> [TASK] Below are records; extract exactly the lines from the one with "ジャムバタートーストに塩!(*^^*)" through the final line, including both, but drop the pictures.

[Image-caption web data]
··········
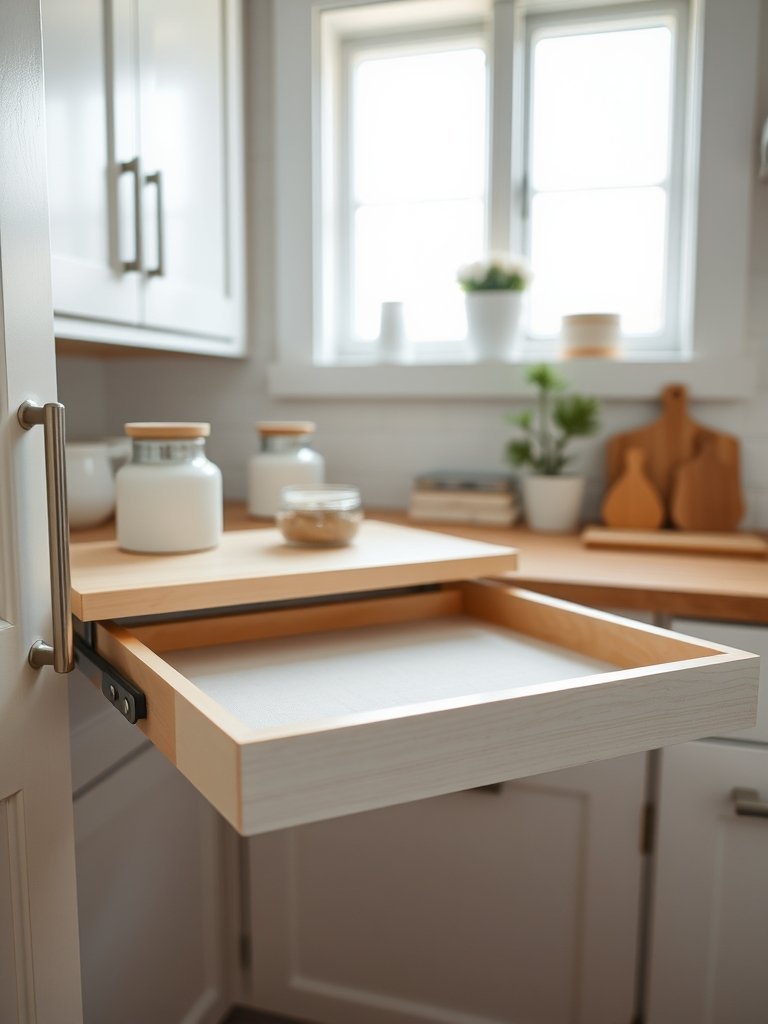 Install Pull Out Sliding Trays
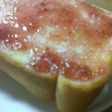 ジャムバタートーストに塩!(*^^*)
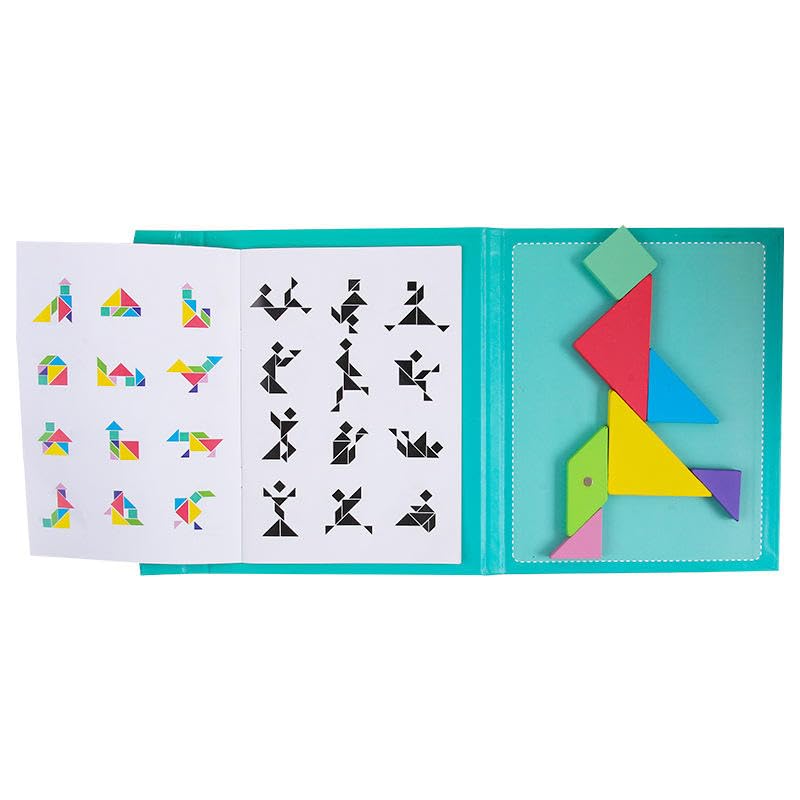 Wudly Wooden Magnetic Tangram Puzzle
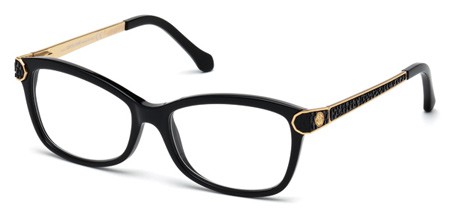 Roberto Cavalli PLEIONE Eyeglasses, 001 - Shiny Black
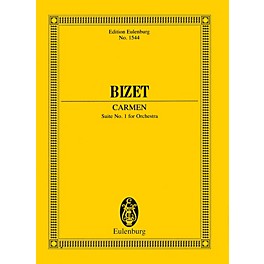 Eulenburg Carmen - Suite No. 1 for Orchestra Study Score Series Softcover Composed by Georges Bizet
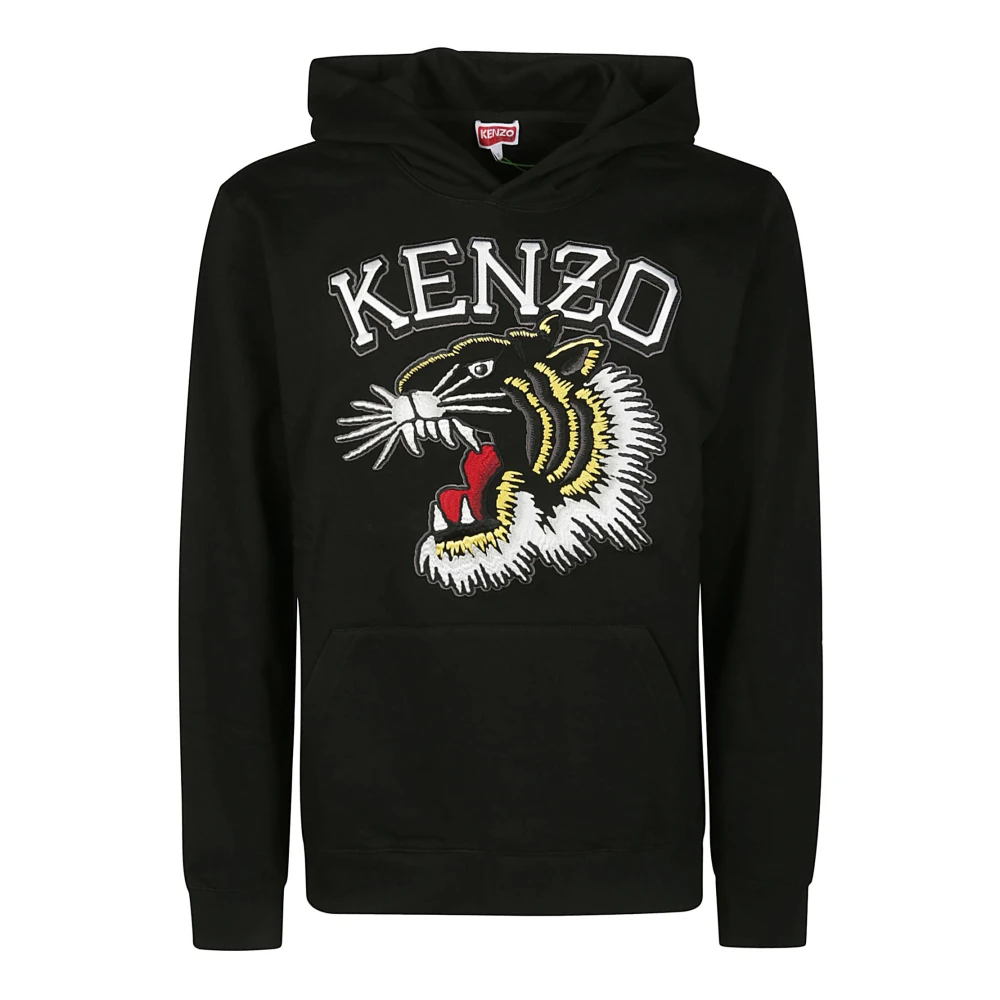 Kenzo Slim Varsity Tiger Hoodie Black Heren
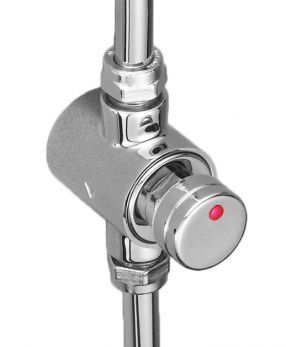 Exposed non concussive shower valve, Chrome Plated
··········
> [ANSWER SECTION]
 ジャムバタートーストに塩!(*^^*)
 Wudly Wooden Magnetic Tangram Puzzle
 Roberto Cavalli PLEIONE Eyeglasses, 001 - Shiny Black
 Eulenburg Carmen - Suite No. 1 for Orchestra Study Score Series Softcover Composed by Georges Bizet
 Kenzo Slim Varsity Tiger Hoodie Black Heren
 Exposed non concussive shower valve, Chrome Plated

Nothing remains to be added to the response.